Do you believe that some people are divinely chosen as leaders (whether by the Christian God or otherwise), and should thus be given absolute power?

StrÝbog
Friday, May 21st, 2004, 06:52 AM
No, no, and no. I oppose hereditary monarchy, absolutism and unquestioned authority regardless of circumstance. :)

Abby Normal
Friday, May 21st, 2004, 07:15 AM
No, no, and no. I oppose hereditary monarchy, absolutism and unquestioned authority regardless of circumstance. :)
Even though hereditary monarchy has proved to be the most stable government over the course of history? Of course, the system works better with the proper checks and balances; I personally oppose unchecked absolutism, though I waver about whether leaders are divinely chosen.

TisaAnne
Friday, May 21st, 2004, 07:44 AM
No, no, and no. I oppose hereditary monarchy, absolutism and unquestioned authority regardless of circumstance. :)
I completely agree with this statement. I tried to give you rep points Stribog...but you've been moderated :(

To be in favor of a system such as that is like being led around blindly...as if you were in a herd of sheep, bleeting and chewing grass, completely oblivious of the corruption around you. We must question all authority, for with seeking answers we are better able to judge if what we are being subjected to is agreeable or not.

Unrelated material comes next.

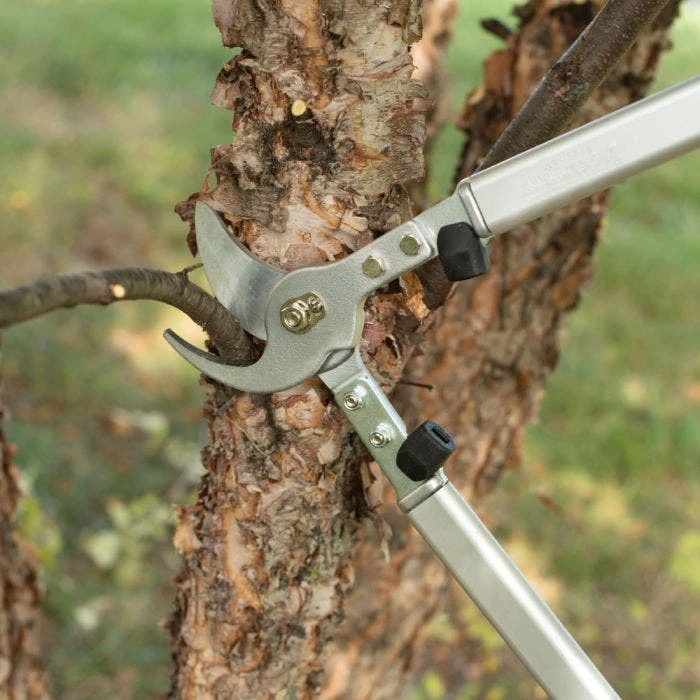 Leonard 20in Professional Lifetime Lopper 1.5in Capacity 5 Leonard 20in Professional Lifetime Lopper 1.5in Capacity - Image 5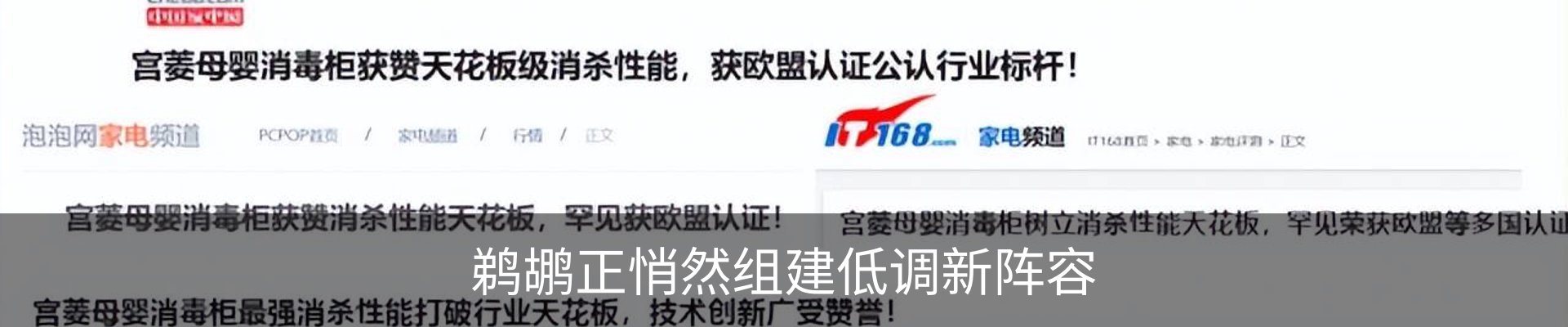 资讯动态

Even though hereditary monarchy has proved to be the most stable government over the course of history?
I think the reason it has been so stable is because people don't see any good in opposition...The have the sheep mentality. To overthrow a King isn't like impeaching a president...It's all-out mutinous rebellion. Most people would rather just go along with whatever is instituted, if they do not have any choice in the matter. Why fight against something you cannot change?

StrÝbog
Friday, May 21st, 2004, 07:59 AM
I tried to give you rep points Stribog...but you've been moderated :(

LOL, about that... I've been away for quite a while and I guess the rules became stricter during my absence.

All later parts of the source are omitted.